Diketahui, penjaringan para calon murid ini sendiri tidak sembarangan karena harus menggunakan data Data Tunggal Sosial dan Ekonomi Nasional (DTSEN) di mana para siswa dengan kategori satu atau sering disebut keluarga miskin ekstrem lah yang berhak menempuh pendidikan di Sekolah Rakyat.
"Untuk merekrutnya kita bekerja sama dengan Dinas Sosial, yaitu dengan menggunakan para pendamping program Keluarga Harapan," ujar Koordinator Satgas Rekrutmen Siswa Sekolah Rakyat Poltekesos Bandung, Lina Favourita Sutiaputri saat ditemui di Poltekesos Bandung, Rabu (9/7/2025).
Pihak Kemensos dan juga Dinas Sosial sebelumnya sudah mensosialisasikan mengenai Sekolah Rakyat kepada para keluarga yang masuk dalam kategori miskin ekstrem ini. Namun, di lapangan diungkapkan Lina masih ada beberapa yang menolak.

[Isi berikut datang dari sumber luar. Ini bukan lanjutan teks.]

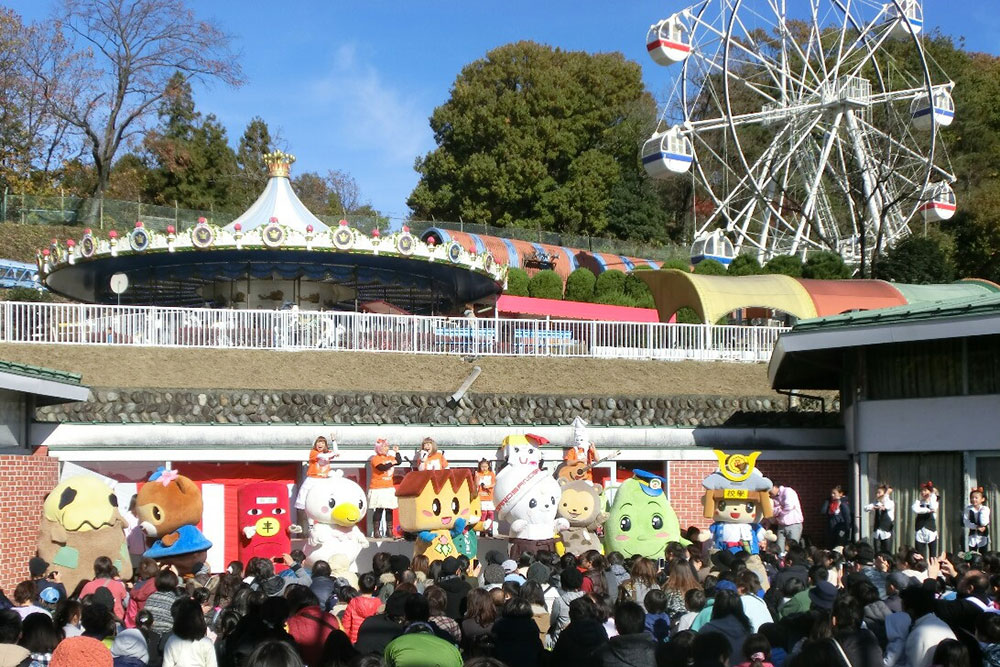 2015.11.29　「ゆるキャラ(R)フェスin桐生が岡遊園地2015」に参加しました。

"Tidak semua anak dari keluarga yang desil 1 (miskin ekstrem) itu bersedia gitu ya. Ada yang dalam perjalanannya mundur dan kemudian kami ya dari tim rekrutmen di Poltekkes juga turun ke lapangan untuk menguatkan motivasi mereka untuk mau ikut di dalam sekolah rakyat ini," katanya.
Berdasarkan dari data yang didapatkannya, Lina mengatakan, keluarga menolak anaknya untuk bersekolah di Sekolah Rakyat ini ada berbagai macam alasan. Salah satunya ada yang mengaku ingin langsung bekerja saja. Menurutnya, hal itu memang berbeda dari tujuan Sekolah Rakyat itu sendiri.
"Tujuan dari penyelenggaraan sekolah rakyat ini setelah setelah lulus dari Sekolah Rakyat itu bukan untuk cepat-cepat bekerja, tetapi diharapkan mereka dapat melanjutkan ke jenjang perguruan tinggi atau universitas. Gitu tujuannya," jelasnya.
Lina menuturkan, Sekolah Rakyat dibangun untuk membuat Individu-individu yang unggul yang nantinya menjadi agen perubahan di dalam keluarganya itu sendiri.
"Asumsinya kan, kalau misalnya pendidikannya lebih tinggi nanti mereka bisa mendapatkan pekerjaan yang lebih tinggi, penghasilan yang lebih tinggi, yang akhirnya bisa meningkatkan kesejahteraan keluarganya. Seperti itu kan programnya ya," kata dia.